# Are those contactors worth selling ?



## David C (May 19, 2015)

Checked out an old steel whaler that's now being dismantled, had twin 500hp electric bow thrusters in the front (still up for grab btw) and all the starters and control cabinets including these contactors. All in great working and esthetic condition. I know these aren't cheap, but is there any market for them ?

There's about 4 or 6 of these :


















And at least two of these :









And two of these :

















They were in sealed enclosures and still all wired up.

There's also a few 120/240 ac motors, 125hp, etc

And a few miles of 250kcmil stranded copper mono-conductor ACW cables hanging everywhere on trays.

Any idea for appraisal or if it's worth to throw on eBay ?


----------



## Southeast Power (Jan 18, 2009)

It this one of those old ships that are full of unknown chemicals?
Me, If I had time and all of it was free, I would take what looked interesting.


----------



## flyboy (Jun 13, 2011)

Put them up on eBay. It's amazing what people will buy. Might want to think about a no return disclaimer on electrical devices/products. 

Although, if they pay for shipping both ways I wouldn't even bother with the disclaimer.


----------



## Southeast Power (Jan 18, 2009)

Small IEC contactors, Small PITA

Large IEC contactors, Large PITA.

A NEMA 6 Starter weighs 35 lbs and is 13" tall/ 8" wide

An IEC weighs 10lbs

Why the difference??


----------



## MechanicalDVR (Dec 29, 2007)

+1 for going to ebay with them.

It doesn't cost anything to list them and try making some money.

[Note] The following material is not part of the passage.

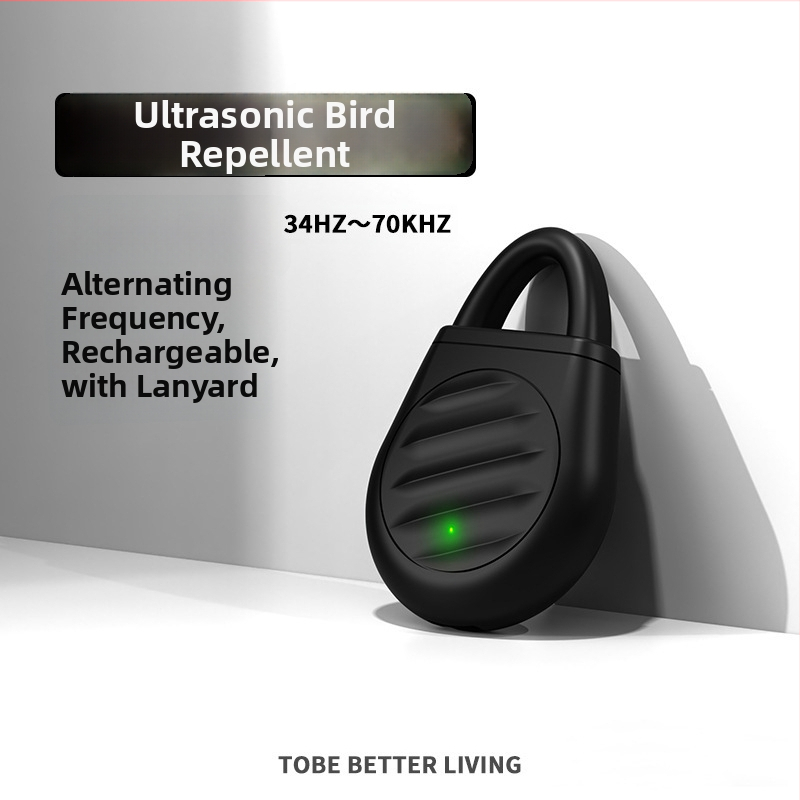 Ultrazvukový odpudzovač škodcov pre psov, vonkajšie použitie, PVC, 19 g, šnúrka na nosenie, ovládanie tlačidlom, ochrana proti blchám, kliešťom, parazitom a komárom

I'd add the disclaimer as Flyboy mentioned.


----------



## JRaef (Mar 23, 2009)

The going price that people GET (as opposed to ask) is pretty low for old used contactors and breakers, but if you get them free, it's still 100% profit, right? I sold some oddball 3 phase 250A breakers I had sitting around by putting them on eBay, no reserve. Got $40 each for them from a breaker broker on the East Coast. I didn't care that they were worth more, I didn't want to keep having them around, taking up space, and this was what someone was willing to spend. As long as you accept that, why not do it?


----------



## David C (May 19, 2015)

Thanks for your suggestions. Thing is the boat isn't mine, I just happened to have a client who's next to that boat and is a friend of the owner who did let me tour the boat (it's pretty cool btw) because we were talking about how such a huge boat ended up there and it's history and he mentioned that despite the bridge that got burned out by a dumb dumb living on it a few years ago, the rest of the ship is in great shape and they already took out the main 3600HP diesel engine and genset, but the front electrical room with the bow thrusters and such was all intact and untouched, etc. So as I was checking it out I noticed that equipment that was still salvageable and I told him I'd check if any of it is worth taking out and going trough the trouble of listing it, otherwise it's just gonna sit there till the whole room get scraped someday.

There's quite a nice payday for all that number 1 copper cable in there tho. Lots of work to chop everything down to be able to haul it out, but might be a good weekend venture this summer.

And not that ship is clean like a whistle, it's a shame it got burned on the top, still has lots of original 1950's electrical power pack control panels and cabinets with very high quality instruments and dials, it was built in Sweden after all, a far cry from a chinese or taiwanese tugger.


----------